What the task requires - Transcribe the full listing below, word for word, without pictures.

Input data -
__________________________________________________

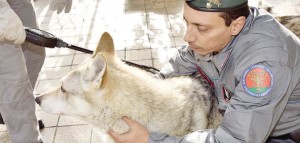 sequestro cani lupi
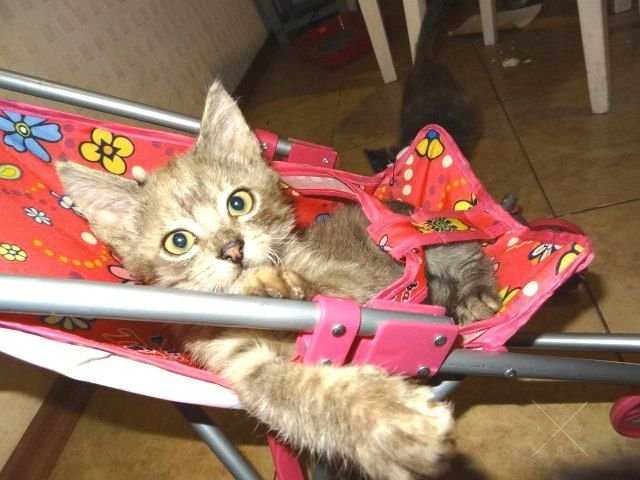 Отдам в заботливые ручки(котята)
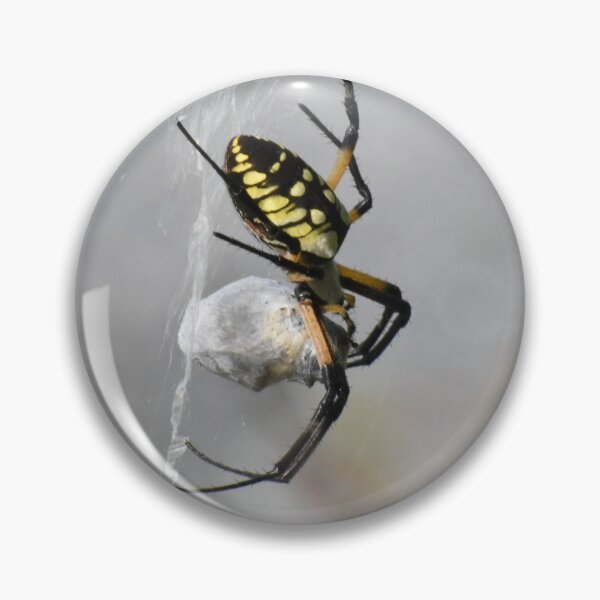 Item preview, Yellow Garden Spider designed and sold by Tonia Delozier's Photography .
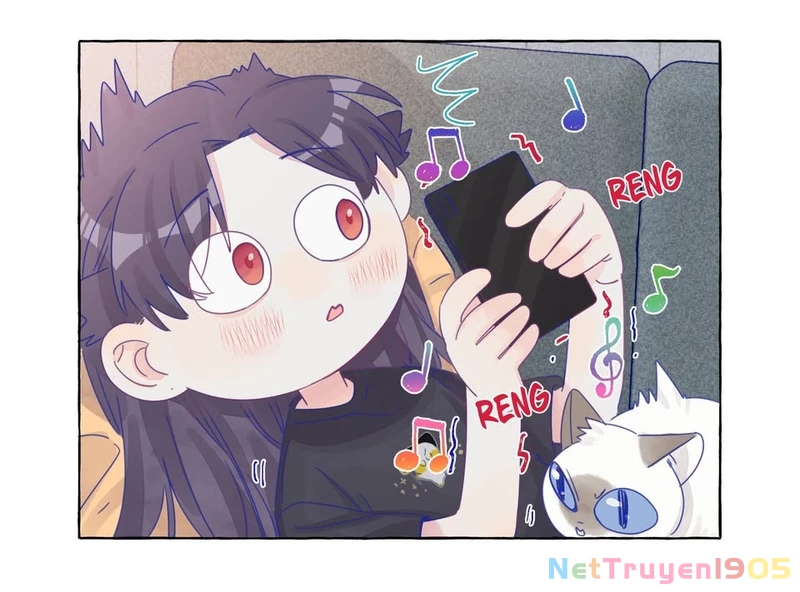 CẠM BẪY GÁI THẲNG Chapter 21 - 41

__________________________________________________

Solution to this problem -
 sequestro cani lupi
 Отдам в заботливые ручки(котята)
 Item preview, Yellow Garden Spider designed and sold by Tonia Delozier's Photography .
 CẠM BẪY GÁI THẲNG Chapter 21 - 41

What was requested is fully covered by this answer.